#  Getting Started with Intel® oneCCL Bindings for PyTorch
This code sample will guide users how to run a PyTorch DDP distributed workload on both GPU and CPU by using oneAPI AI Analytics Toolkit.

## Simple PyTorch distributed workload on both GPU and CPU
***
This section shows users how to run simple PyTorch distributed on both GPU and CPU with some code changes.

### prerequisites

In [None]:
# ignore all warning messages
import warnings
warnings.filterwarnings('ignore')


Set the installation path of your oneAPI AI Analytics toolkit

In [None]:
%env ONEAPI_INSTALL=/opt/intel/oneapi

Download a simple demo.py sample from torch-ccl github repository

In [None]:
!wget https://raw.githubusercontent.com/intel/torch-ccl/master/demo/demo.py

Check PyTorch and IPEX verson in current ipython kernel

In [None]:
run ../../version_check.py

### Run simple PyTorch distributed DDP workload on GPU and CPU

#### Run on CPU
There is a **pytorch** conda environment with oneCCL Bindings installation for CPU in current AI Kit installation.  
Users could run a PyTorch DDP workload on CPU in this conda environment.

In [None]:
%%writefile run.sh
#!/bin/bash
source $ONEAPI_INSTALL/setvars.sh --force > /dev/null 2>&1
source activate pytorch
echo "########## Executing the run"
mpirun -n 2 -l python demo.py > cpu.csv
echo "########## Done with the run"

##### Submitting build.sh and run.sh to the job queue

Now we can submit build.sh and run.sh to the job queue.

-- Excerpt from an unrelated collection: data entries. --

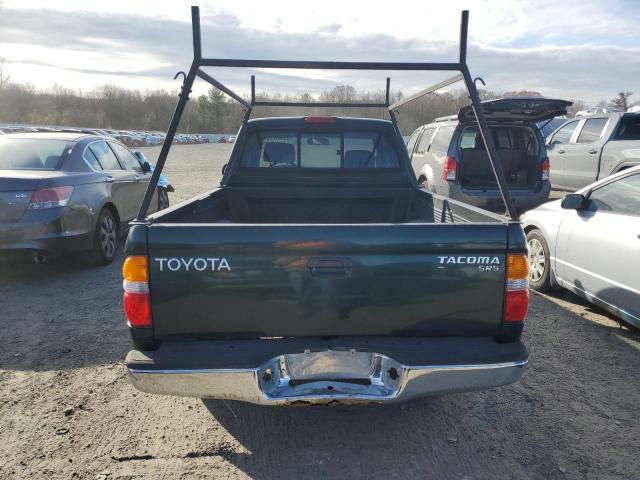 2001 TOYOTA TACOMA XTR #3292426607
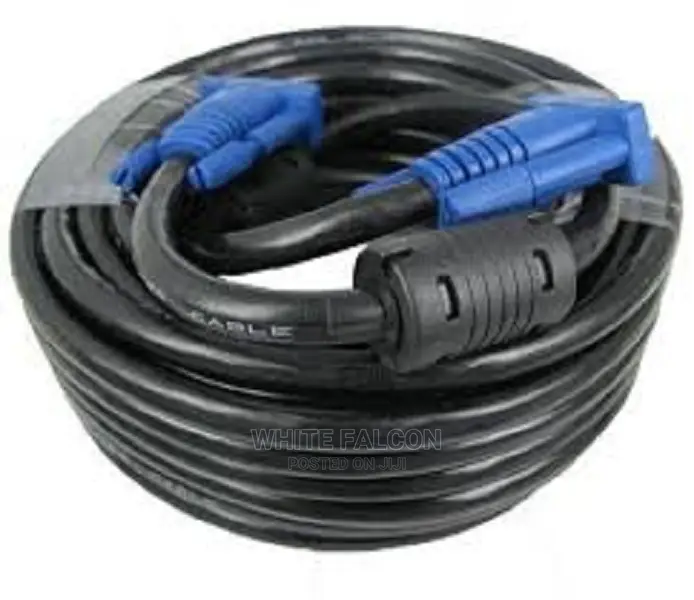 VGA Cable 20 Meters 15 Pin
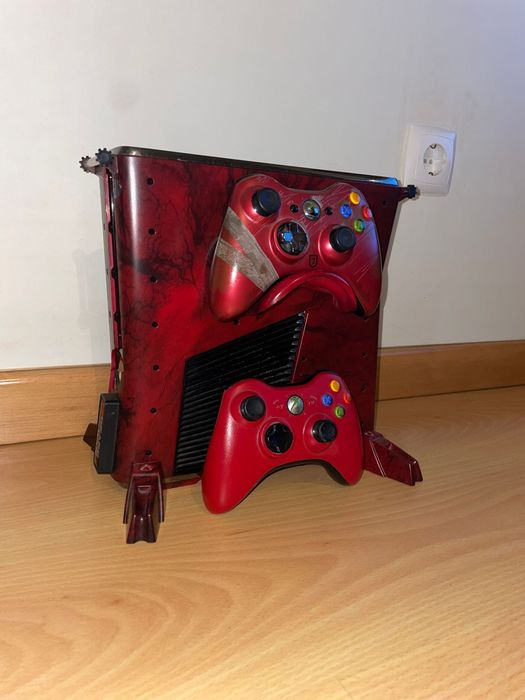 Xbox 360 / Edição Limitada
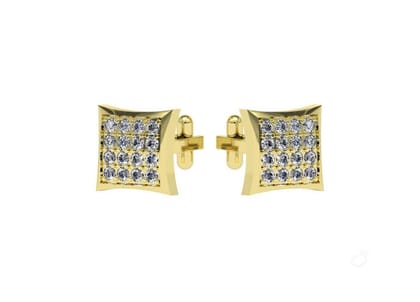 Victorian Grace Cufflinks for Him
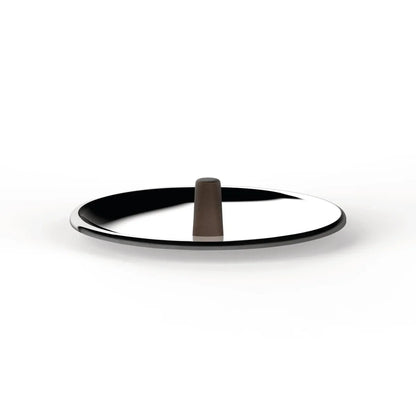 Alessi — Edo PU200/14 | Coperchio 14 cm Urquiola acciaio inox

NOTE - it is possible to execute any of the build and run commands in local environments.
To enable users to run their scripts either on the Intel DevCloud or in local environments, this and subsequent training checks for the existence of the job submission command qsub. If the check fails, it is assumed that build/run will be local.

In [None]:
! chmod 755 ../../q; chmod 755 run.sh;if [ -x "$(command -v qsub)" ];  then  ./q run.sh; else ./run.sh; fi

#### Run on GPU 
There is a **pytorch-gpu** conda environment with oneCCL Bindings installation for GPU in current AI Kit installation.  
Users could run a PyTorch DDP workload on GPU in this conda environment with one line code change.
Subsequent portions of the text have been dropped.